[Stored items]
· · · · · · ·

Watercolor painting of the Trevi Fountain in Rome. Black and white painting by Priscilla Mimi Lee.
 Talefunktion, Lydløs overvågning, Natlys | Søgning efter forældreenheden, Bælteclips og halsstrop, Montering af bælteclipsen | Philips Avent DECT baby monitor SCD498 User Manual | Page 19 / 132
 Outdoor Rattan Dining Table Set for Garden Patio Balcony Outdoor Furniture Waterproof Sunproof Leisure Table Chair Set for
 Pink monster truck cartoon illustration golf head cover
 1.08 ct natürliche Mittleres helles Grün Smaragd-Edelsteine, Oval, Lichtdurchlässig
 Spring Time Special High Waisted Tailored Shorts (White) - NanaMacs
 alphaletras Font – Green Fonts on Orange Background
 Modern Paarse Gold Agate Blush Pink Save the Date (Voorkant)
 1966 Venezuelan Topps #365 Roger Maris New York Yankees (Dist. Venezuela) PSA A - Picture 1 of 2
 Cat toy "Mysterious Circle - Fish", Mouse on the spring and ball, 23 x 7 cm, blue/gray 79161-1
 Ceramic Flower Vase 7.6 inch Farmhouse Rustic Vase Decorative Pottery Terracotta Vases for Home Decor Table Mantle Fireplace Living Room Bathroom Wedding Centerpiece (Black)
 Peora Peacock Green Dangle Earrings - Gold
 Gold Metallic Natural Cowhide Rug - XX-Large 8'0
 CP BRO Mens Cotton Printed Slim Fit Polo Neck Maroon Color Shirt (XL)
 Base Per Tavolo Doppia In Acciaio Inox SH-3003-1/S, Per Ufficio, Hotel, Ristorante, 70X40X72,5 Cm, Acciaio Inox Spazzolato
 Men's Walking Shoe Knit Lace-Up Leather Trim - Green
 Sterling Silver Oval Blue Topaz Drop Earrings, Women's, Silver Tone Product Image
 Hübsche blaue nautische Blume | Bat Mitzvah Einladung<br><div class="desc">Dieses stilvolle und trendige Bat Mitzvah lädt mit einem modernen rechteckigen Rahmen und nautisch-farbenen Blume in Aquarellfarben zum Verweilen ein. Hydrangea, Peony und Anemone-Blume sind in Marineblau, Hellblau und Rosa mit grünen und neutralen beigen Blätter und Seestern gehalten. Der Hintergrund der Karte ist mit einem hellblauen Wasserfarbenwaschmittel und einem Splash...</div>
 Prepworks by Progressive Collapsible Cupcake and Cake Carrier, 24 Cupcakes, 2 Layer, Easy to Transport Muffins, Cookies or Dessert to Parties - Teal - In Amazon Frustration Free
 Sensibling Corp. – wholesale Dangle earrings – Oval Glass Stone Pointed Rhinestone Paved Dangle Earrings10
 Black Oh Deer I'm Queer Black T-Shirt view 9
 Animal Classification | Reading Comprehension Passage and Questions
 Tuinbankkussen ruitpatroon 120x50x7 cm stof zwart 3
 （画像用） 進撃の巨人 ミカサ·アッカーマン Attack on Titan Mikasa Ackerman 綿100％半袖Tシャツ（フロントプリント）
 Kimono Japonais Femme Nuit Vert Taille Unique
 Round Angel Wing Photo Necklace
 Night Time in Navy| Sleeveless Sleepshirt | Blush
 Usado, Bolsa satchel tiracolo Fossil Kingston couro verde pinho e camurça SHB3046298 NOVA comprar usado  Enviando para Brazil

· · · · · · ·

BRIEF: All lines of the records above with the word "Oval" in them are to be copied.

EXPECTED ANSWER:
 1.08 ct natürliche Mittleres helles Grün Smaragd-Edelsteine, Oval, Lichtdurchlässig
 Sterling Silver Oval Blue Topaz Drop Earrings, Women's, Silver Tone Product Image
 Sensibling Corp. – wholesale Dangle earrings – Oval Glass Stone Pointed Rhinestone Paved Dangle Earrings10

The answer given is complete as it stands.